- _Task item_
The answer is the exact run of lines in the listing below from the line containing "Chaînes Collier Montre" up to and including the line containing "Hamburger Hafen Kaffeemischung", with pictures removed.

- _The records_

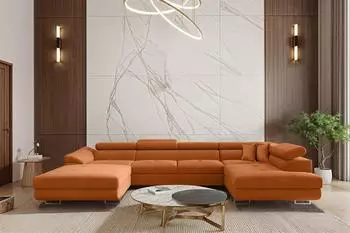 Fun M&ouml;bel Carmelo Wohnlandschaft Schlafsofa, Stoff Nova orange, Ottomane links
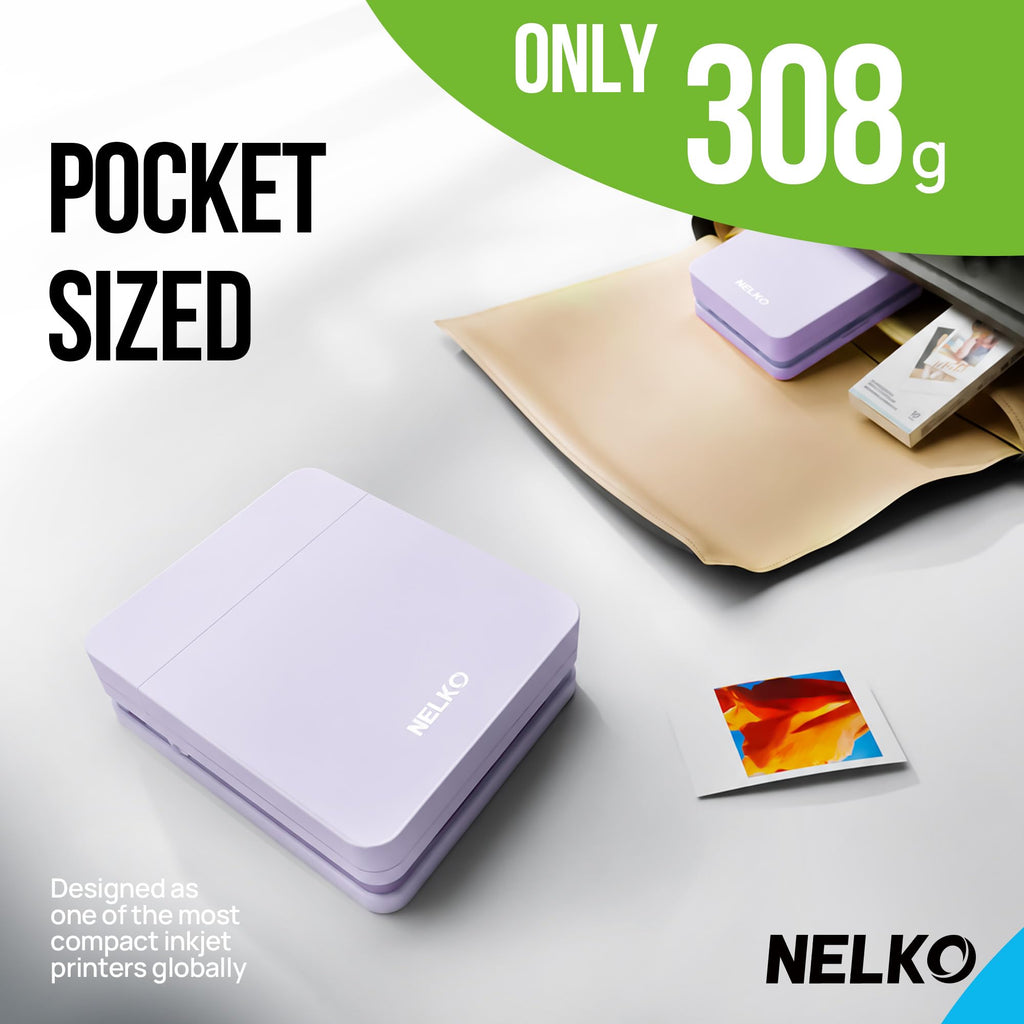 Nelko PP01 Photo Printer, 2x3 Portable Photo Printer, Mini Printer, Beige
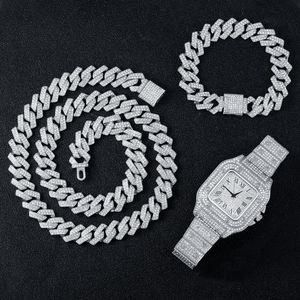 Chaînes Collier Montre Bracelet Hip Hop Chaîne Cubaine Couleur Argent Complet Glacé Pavé Strass Hommes Bijoux EnsembleChaînes ChaînesChaînes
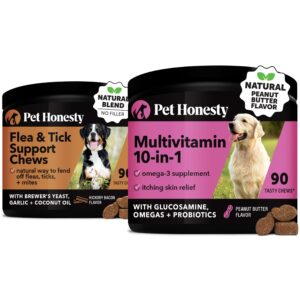 pet honesty flea and tick prevention & multivitamin bundle: natural flea chews & dog vitamins with glucosamine for skin and coat (bacon & peanut butter 90 ct)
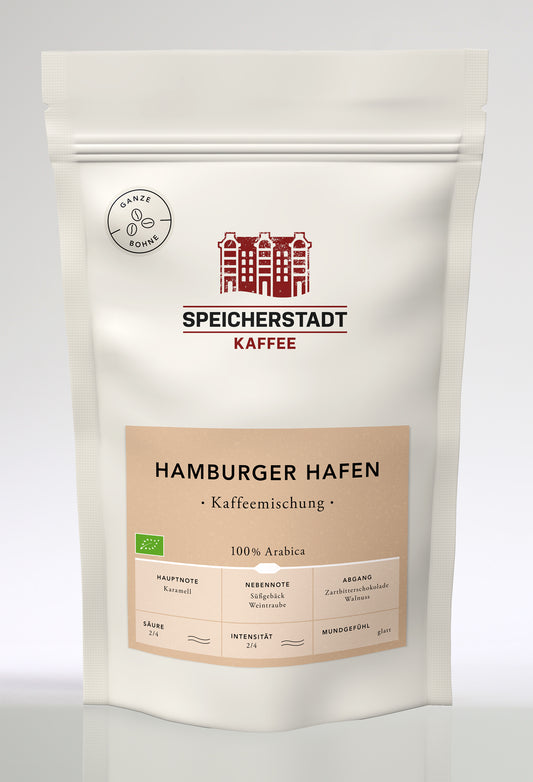 Hamburger Hafen Kaffeemischung Bio - 100% Arabica ganze Bohnen 500g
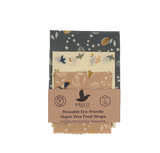 Vegan Wax Food Wraps - Food Safe Set of 3 (L, M, S)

- _Solution_
 Chaînes Collier Montre Bracelet Hip Hop Chaîne Cubaine Couleur Argent Complet Glacé Pavé Strass Hommes Bijoux EnsembleChaînes ChaînesChaînes
 pet honesty flea and tick prevention & multivitamin bundle: natural flea chews & dog vitamins with glucosamine for skin and coat (bacon & peanut butter 90 ct)
 Hamburger Hafen Kaffeemischung Bio - 100% Arabica ganze Bohnen 500g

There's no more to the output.